The Battle of Crysler’s Farm
By Sean Smith (Senior Archivist, Archives of Ontario)

If you were working in the fields near Crysler’s farm in the fall of 1813, you had to know it was coming. The Americans had been campaigning for the better part of the year and were finally pushing towards Montréal in order to cut off the supply lines along the St. Lawrence River. Regardless, it must have come as a bit of a shock when British, French and Tyendinaga Mohawks began setting up their tents in the fields that you usually worked.

You may have taken some satisfaction in the fact that you had finished harvesting the year’s crops before the nearly 1,200 troops arrived, but it wouldn’t take long before you realized that the forces were a hungry bunch. You may have thought of the Americans as “marauders” but, in your small world, it was the British and their allies who claimed all your livestock, ate all your apples and potatoes, burned your fence rails, and took over your barns.

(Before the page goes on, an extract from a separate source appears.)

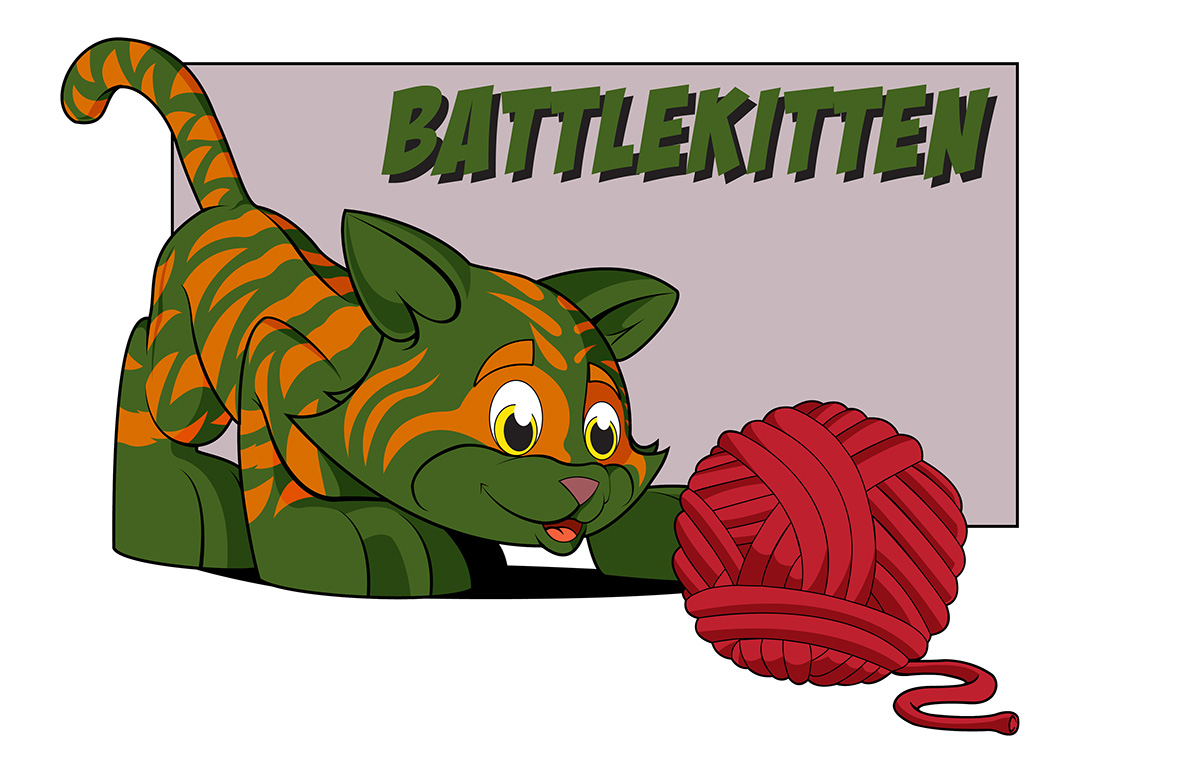 battlecat he-man skeletor masters universe filmation cartoon Illustrator kitten yarn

The Battle of Crysler’s Farm was fought on November 11, 1813 on the ploughed fields of John Crysler’s farm located in South Dundas Township, between Cornwall and Morrisburg. There’s not much left of Crysler’s farm today, but the battle was decisive and effectively ended the American campaign of 1813. As a result, the British remained in control of both sides of the St. Lawrence River until the end of the War of 1812, in — oddly enough — 1815.

The site of Crysler’s farm was flooded in 1958 as part of the St. Lawrence Seaway Project. It overlooks Lake St. Lawrence today and what is left of the battleground is now a National Historic Site and part of Upper Canada Village.

The lead up to the battle started in early 1813 with the Americans gathering at Sackett’s Harbour on the south shore of Lake Ontario. They had their sights on ending the war by making their way to Montréal, thereby cutting off the supply lines to Upper Canada. The commander-in-chief of the north-eastern army, Major-General Henry Dearborn, took command of the troops in March, but instead of proceeding up the St. Lawrence directly, he wasted time on campaigns against York and in the Niagara Peninsula. As a result, he was effectively fired and replaced in August by Major-General James H. Wilkinson.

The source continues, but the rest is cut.